▶ [Data provided]:
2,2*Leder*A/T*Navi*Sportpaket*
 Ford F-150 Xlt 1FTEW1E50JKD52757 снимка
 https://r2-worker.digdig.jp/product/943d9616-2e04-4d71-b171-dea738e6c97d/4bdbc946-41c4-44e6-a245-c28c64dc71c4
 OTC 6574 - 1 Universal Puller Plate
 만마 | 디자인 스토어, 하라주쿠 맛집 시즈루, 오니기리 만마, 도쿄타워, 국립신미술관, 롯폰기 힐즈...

▶ [Prompt]: The expected output is the run of lines from the one holding "OTC 6574 - 1 Universal Puller Plate" to the last line of the entries above, each reproduced character for character.

▶ [Exercise solution]:
 OTC 6574 - 1 Universal Puller Plate
 만마 | 디자인 스토어, 하라주쿠 맛집 시즈루, 오니기리 만마, 도쿄타워, 국립신미술관, 롯폰기 힐즈...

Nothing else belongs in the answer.